When I was a child we had a series of fish tanks and it
seemed that there was always one fish that rapidly grew bigger and faster than
all the others. He—I always assumed it was a “he”—became the King of the Tank.
It was never enough that this fish had the run of the whole
tank, from one glass wall to the other, side to side, front to back. No, the
King of the Tank always had to find the smallest, weakest fish at which time he
would commence a program of constant harassment that always ended the same way.
He would hunt that fish from behind the most obscure rock, from the densest
thicket of plant-growth, from inside the most remote and uninteresting shell in
the tank. He would chase and nip at its fins and tail until the small fish lay
ragged and gasping and exhausted on the filthy gravel too weak even to rise to
the surface for food. I would sprinkle dried fish flakes directly above it,
hoping some would go uneaten by the other fish and make their way to the bottom
close enough for it to eat, but in spite of my skill at this operation the
other fish would catch most of the falling food first and what they didn’t
scarf down the injured fish seemed too weak and terrified to go for, even if it
were only an inch or two away from it’s laboring mouth.
Sometimes I'd stand by the tank for up to an hour waiting for the King
of the Tank to dive and attack and then I’d flick my finger loudly on the glass
just like I was told never ever to do, risking my father’s wrath, to scare the
big fish off. It worked, but not for long; fish, I guess, not having very long
memories and, of course, I couldn’t be there all the time. I often fantasized
about scooping the King of the Tank out and quarantining him an old jelly jar
or throwing him into the tiger lily patch in the backyard where I wouldn’t have
to see him flop to his death but I never did either, paralyzed by fear of what
my father would do if he found out and cowed by the ethical dilemma of
exercising such godlike power of life and death over another creature.
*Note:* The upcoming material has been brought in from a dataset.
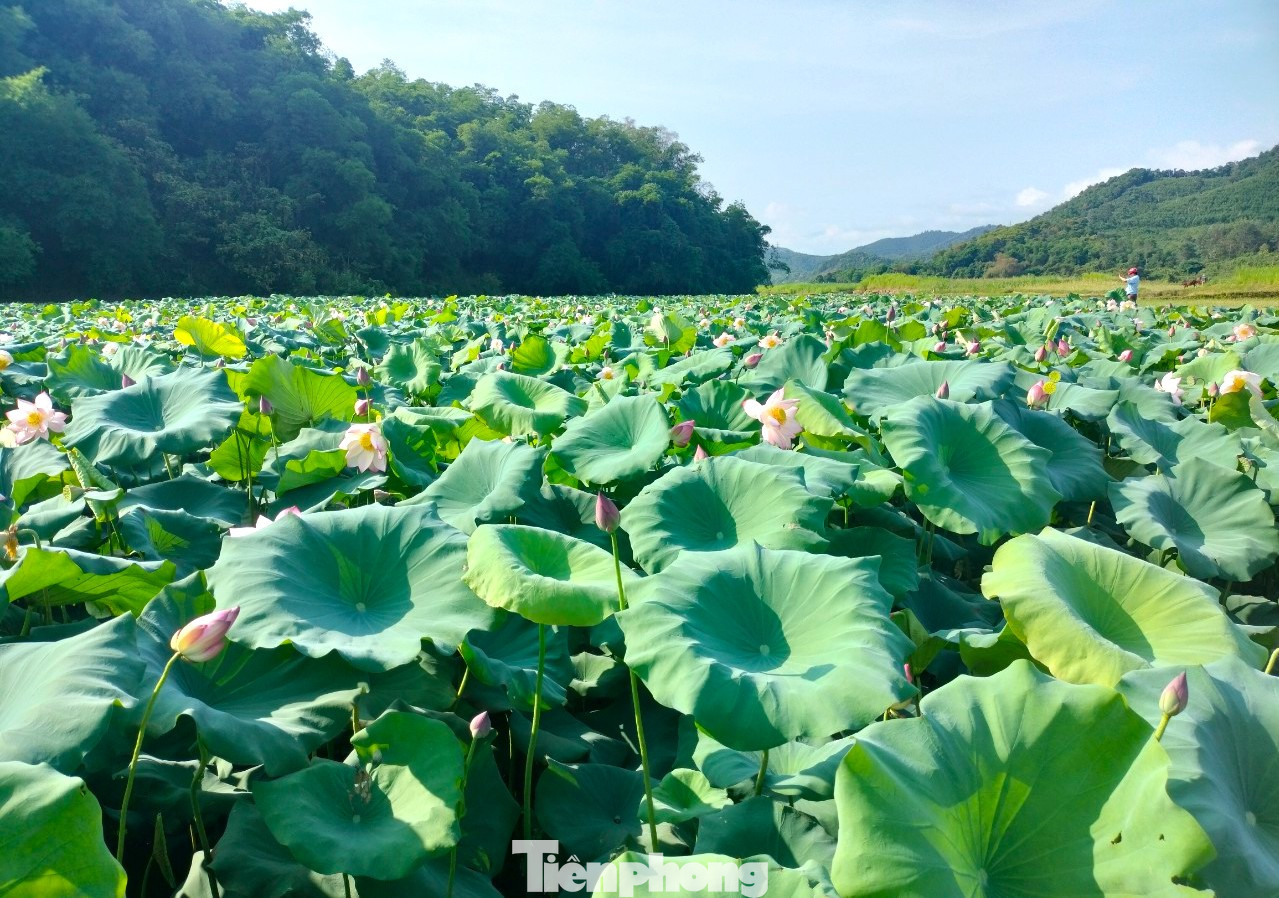 Được chăm sóc, những đầm sen tươi tốt đến mùa nở rực tạo nên khung cảnh đẹp thơ mộng.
Inevitably, the morning would come when I’d find the gnawed,
faded body of the little fish floating among the yellow leaves sucked near the
filter. I would scoop it out using the pocket-sized green net and march it
cold-eyed to the toilet as I’d done many times before with many other small,
weak, doomed-from-the-start fish. “That’s the way the universe works,” my
father would explain, seeming, it seemed to me both then and now, satisfied
that he was teaching me something invaluable about life, something that would help
me survive in the world, this being back in the days before he split.